At the same time I cannot believe the twins are six weeks old, I cannot believe that I've stayed home with them all day every day now for over a month. It is such a new experience being a stay at home mom (albeit temporarily). I wish I was one who could let the house go, camp out on the couch snuggling my baby all day and watch all the movies and TVs I've been saving on the DVR. Alas, not my life (the holding the baby all day thing is kind of impossible when you have two little ones to care for...). I have realized how nice it is to actually go to work and leave the house messy!!!! For real! Normally, I can go to work, not look at the laundry needing to be folded or the floors needing to be vacuumed. Seriously. But now, I'm here. I'm living in it every day, and I just cannot be here in the house all the time, unable to leave because of the twins and stumbling over laundry baskets and such. So...I have assumed the role of maid. This is new for me. Since I have always worked full time, Ben and I have largely shared household duties. Sure, Ben and April still help with dishes and take out the trash, but for the most part, the entire rest of the housework, picking stuff up and maintaining things is solely on my shoulders now. I have a profound respect and appreciation now for all the Stay at Home Moms who have to care for the kiddos AND attempt to clean the house regularly....and if they don't have time they still have to be IN the house while it isn't picked up. Would drive me crazy!!!

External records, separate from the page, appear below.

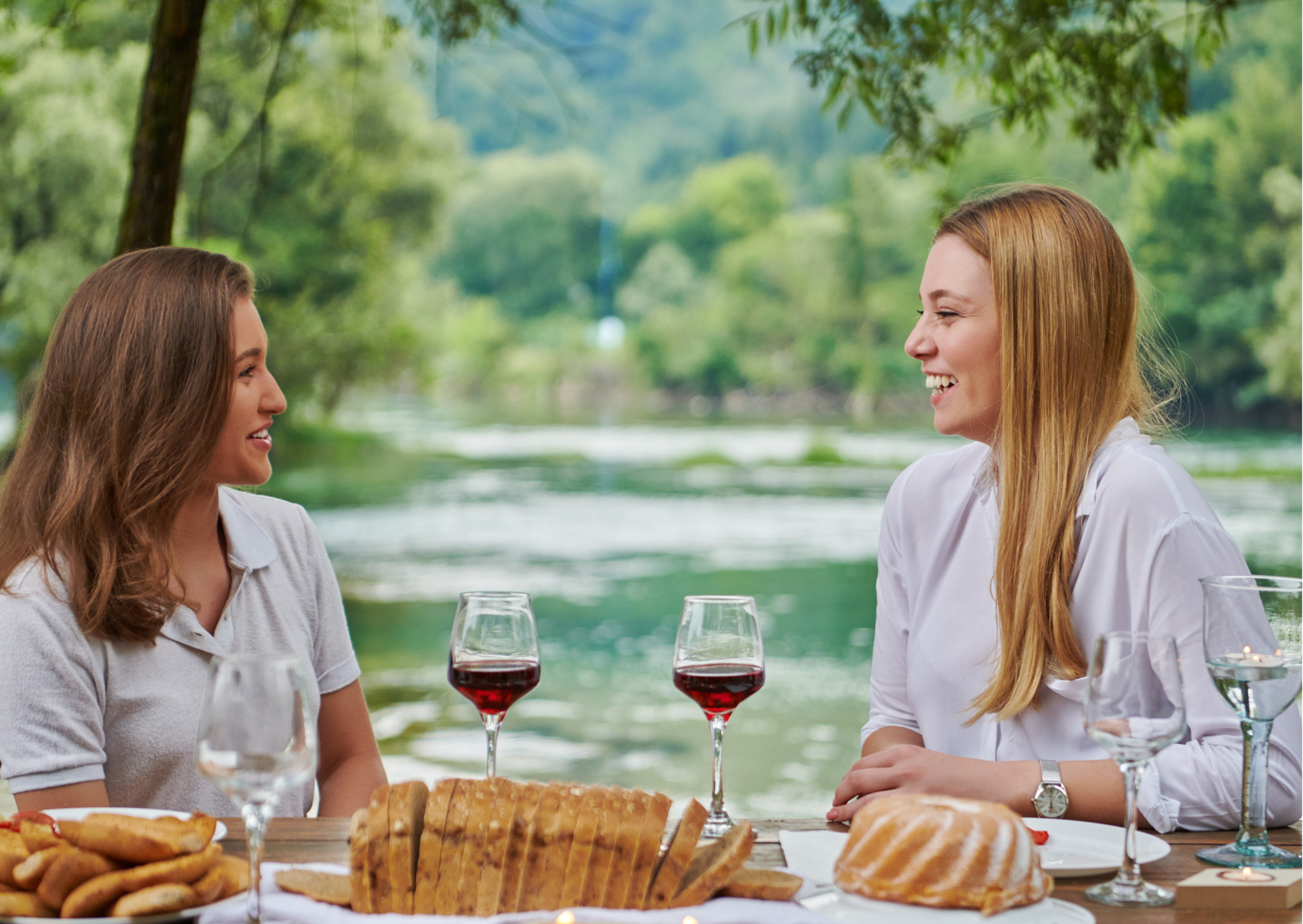 She Moved To France For The Food And Eats Frozen Meals Now 2 French Dinner 6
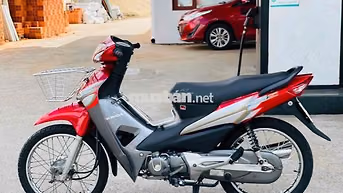 Honda Wave S 100cc Đỏ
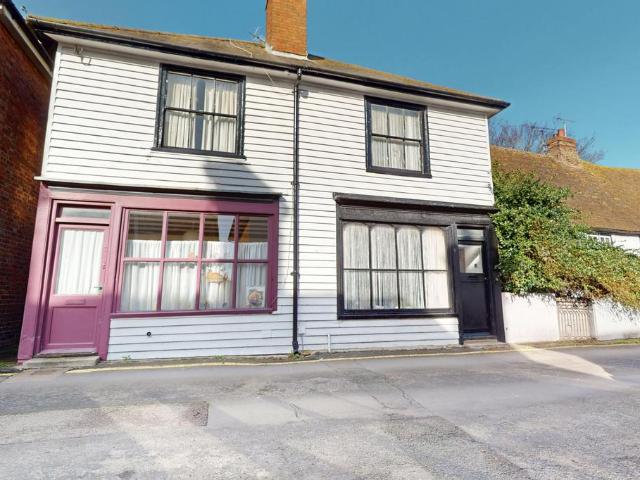 House for sale in Folkestone, Kent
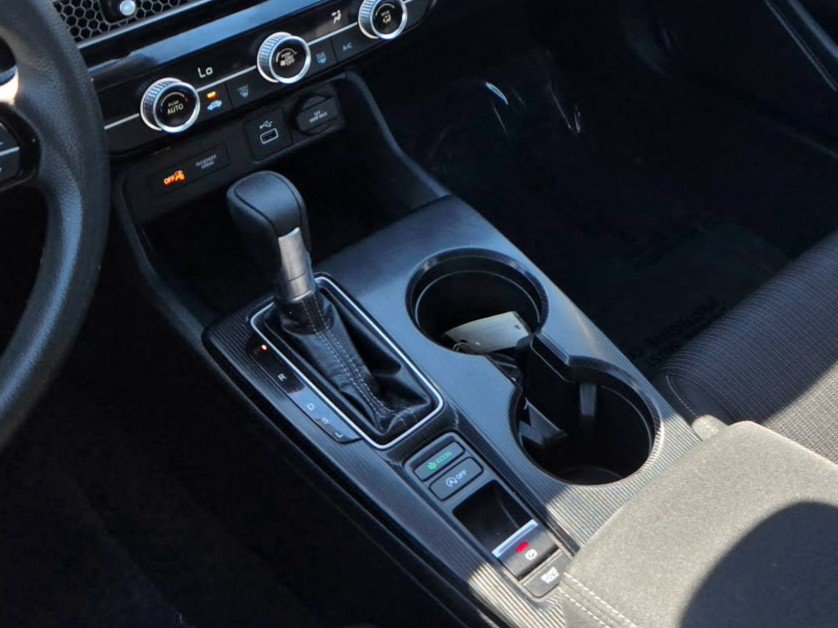 Used 2022 Honda Civic LX image 18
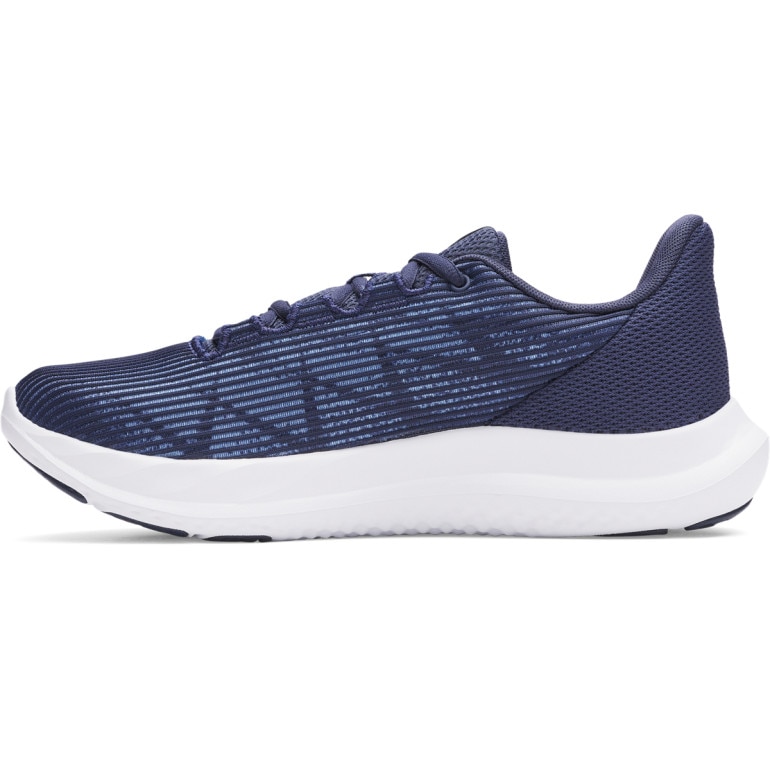 Damskie buty do biegania Under Armour UA Charged Speed Swift - granatowe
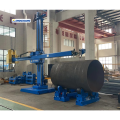 Circular Seam Pipe Column And Boom Welding Manipulator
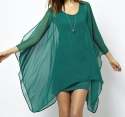 Beautiful Summer Kaftan Top Free Size thumb 1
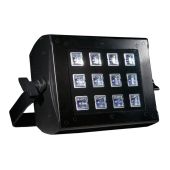 ADJ UV Flood 36 Compact LED Blacklight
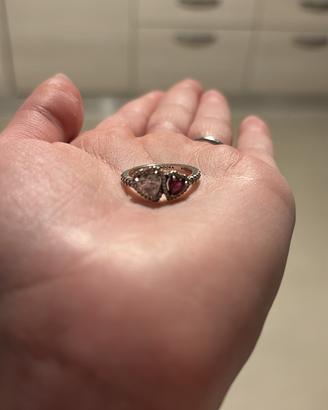 Anello pandora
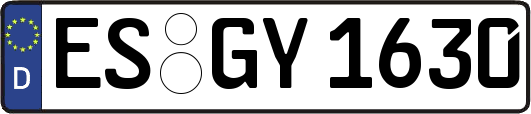 ES-GY1630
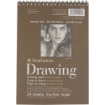 Picture of Strathmore 400 Series Drawing Pad 15,2 x 20,3 cm | Μπλοκ Σχεδίου Medium 130gsm, 24 Φύλλα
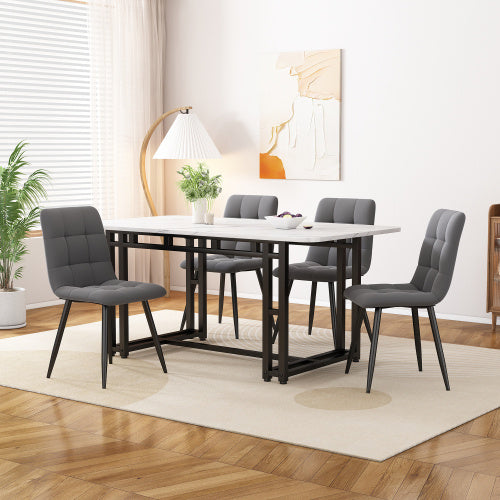 Esstisch – Stil trifft Komfort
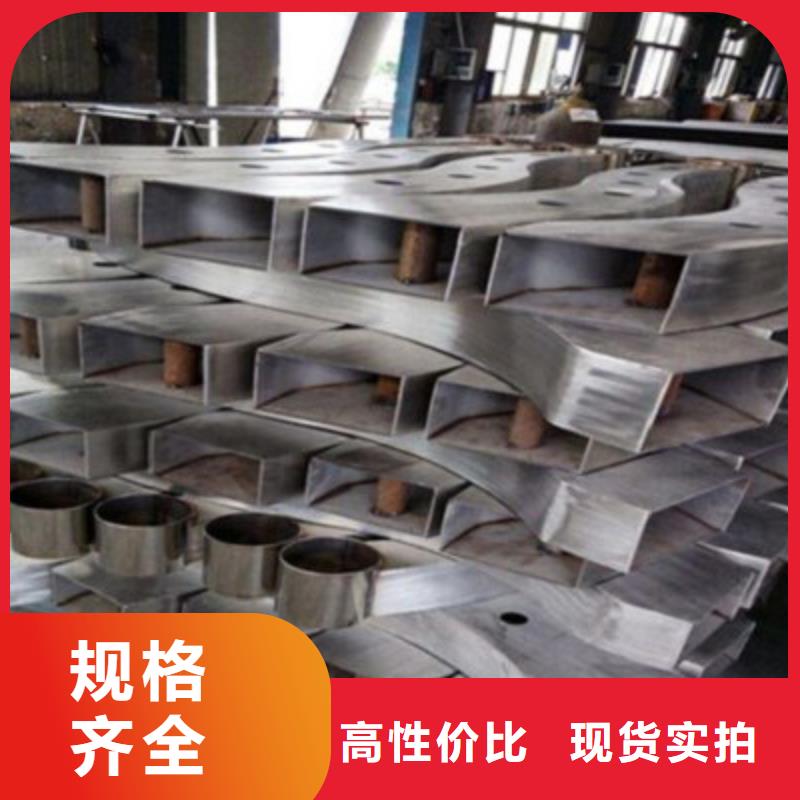 景观桥梁护栏LED灯光护栏厂家品控严格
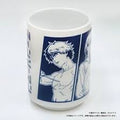 Chainsaw Man Main Characters Mug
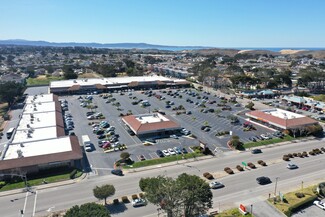 More details for 226-270 Reservation Rd, Marina, CA - Retail for Rent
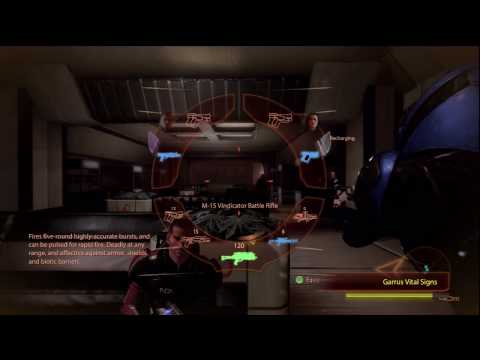 Mass Effect 2 Walkthrough - Part 16 (HD)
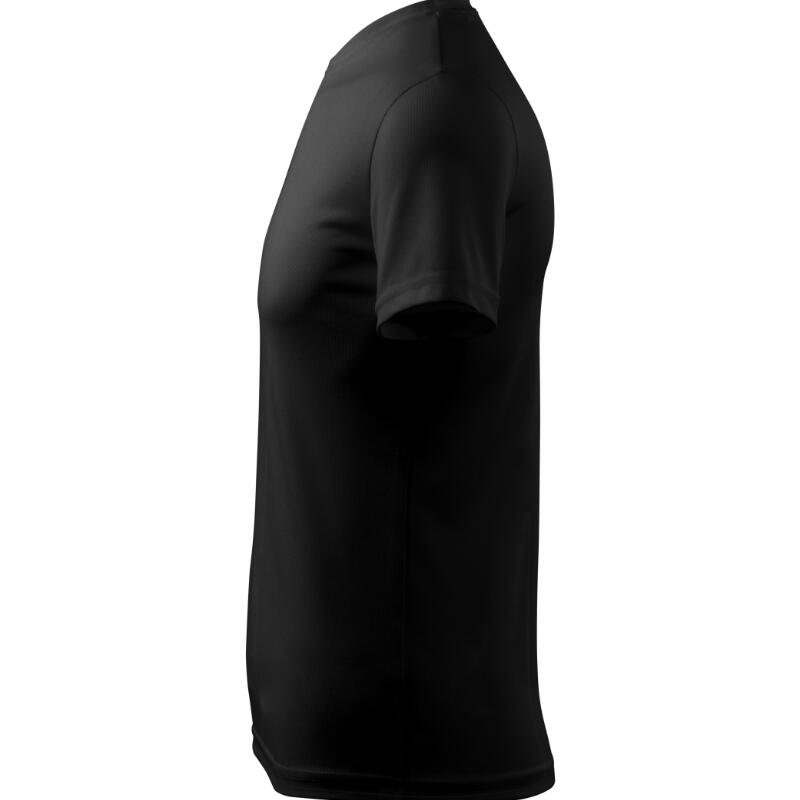 MALFINI® Tričko pánske Fantasy (čierna)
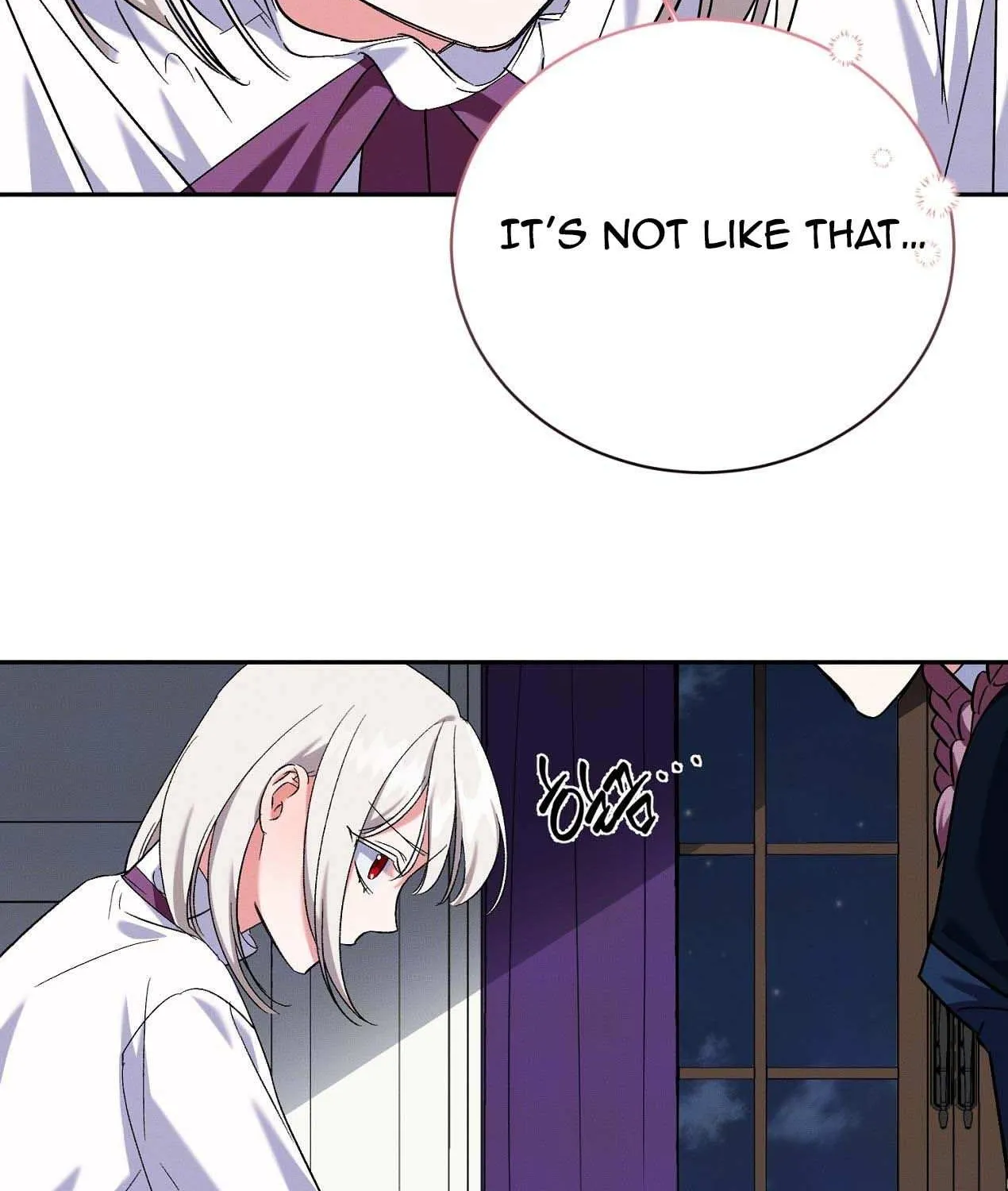 How to Protect the Master of the Monster Mansion Chapter 8 page 43 - 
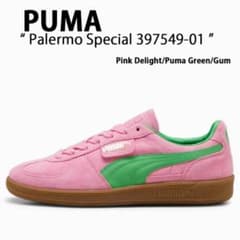 プーマ PUMA 397549 01 スニーカー スエード テラススタイル プーマ PUMA 397549 01 スニーカー スエード テラススタイル - メルカリ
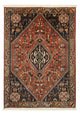 Kashkuli Tappeto 150x105cm - Tappeto persiano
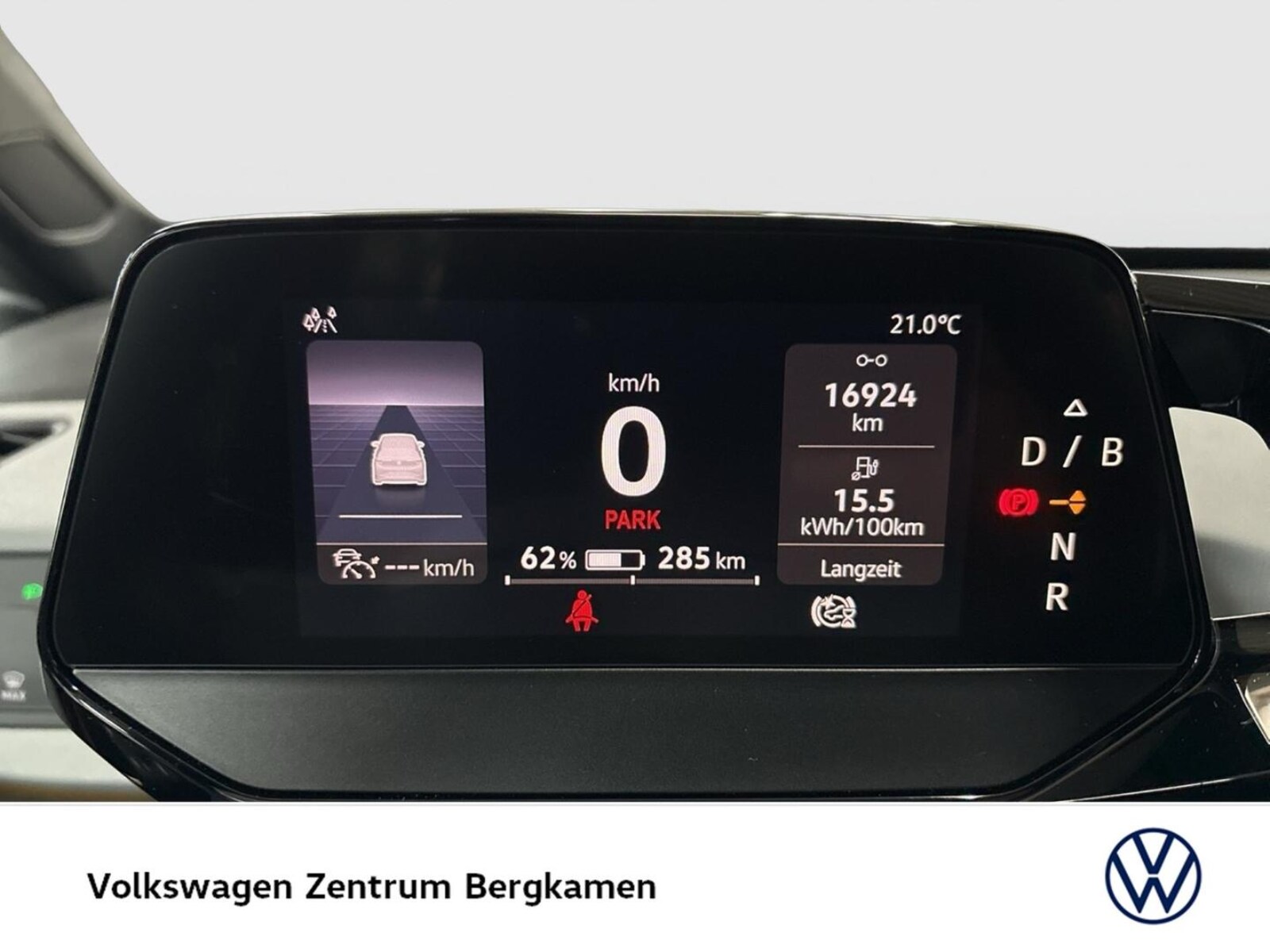 Volkswagen ID.3 – Bild 12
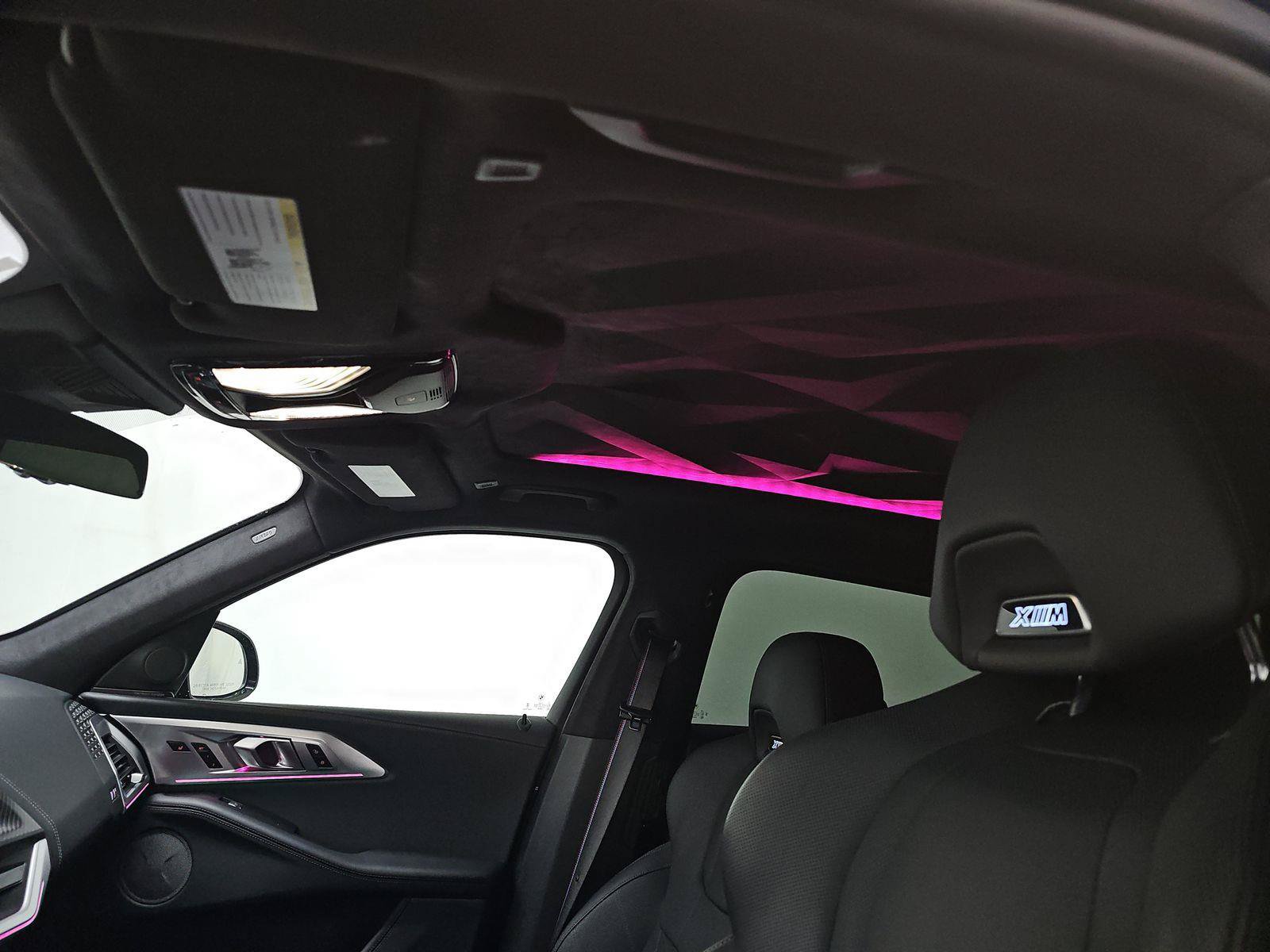 Certified 2023 BMW XM AWD/4WD image 8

One of the more lighthearted battles I'm fighting is the weight, of course. What new mom doesn't? Since I hit the 6 week post c-section mark, I started my workouts again. My awesome Moms Into Fitness DVD series I used throughout the pregnancy has a Postnatal Boot Camp. And wow. It is intense. I just started this week and my whole body feels it. Lots of pain, but in that good "I worked my muscles really hard and feel things toning" kind of way. Hope it pays off!!! I have lost 25 pounds and have just under 13 left to lose before starting this workout. I didn't gain a ton of extra weight everywhere else, but my baby belly is still a bit bigger than 6 weeks postpartum with Sam. Probably because it was HUGE with twins!!! So still need to work on my fitness. ;) Not a bad war. And it makes the sleepless nights a little easier. Working out helps me fall asleep better at the end of the day and gives me enough energy to make it through when I'm running on 4 hours of "sleep."
SIGH.
HAHA - so after reading the above you get a good glimpse into the "not-so-happy-go-lucky and always positive" Carrie. I guess that's what happens with lack of sleep and a perpetual cycle of baby, baby and more baby feeding, burping (or not), changing, etc. I'm not totally lost though. ;) And I really am NOT complaining. I hope you take this fun ranting above as a tired mommy explaining the crazy frustrations of new parenthood....in reality I am still having fun. Still enjoying the growing alertness of the twins. Still loving holding them close and smelling that perfect new baby smell...still loving rocking them and hearing their breathing slow down and their bodies relax as they are content and happy. Every time I start to feel the war a bit too much, I force myself to remember how quickly this phase passes by. How this is the last time my babies will be babies...and the last time I will ever have babies (PLEASE GOD). :) Even more than this, when I'm up in the middle of the night feeding them and so tired I can barely hold my head up, I think about my friends who cannot have children. And how much they would give anything to be up all night with a newborn. (Tears!!!) And I am SO incredibly thankful for every single moment with Toby & Gabe. It's just that simple.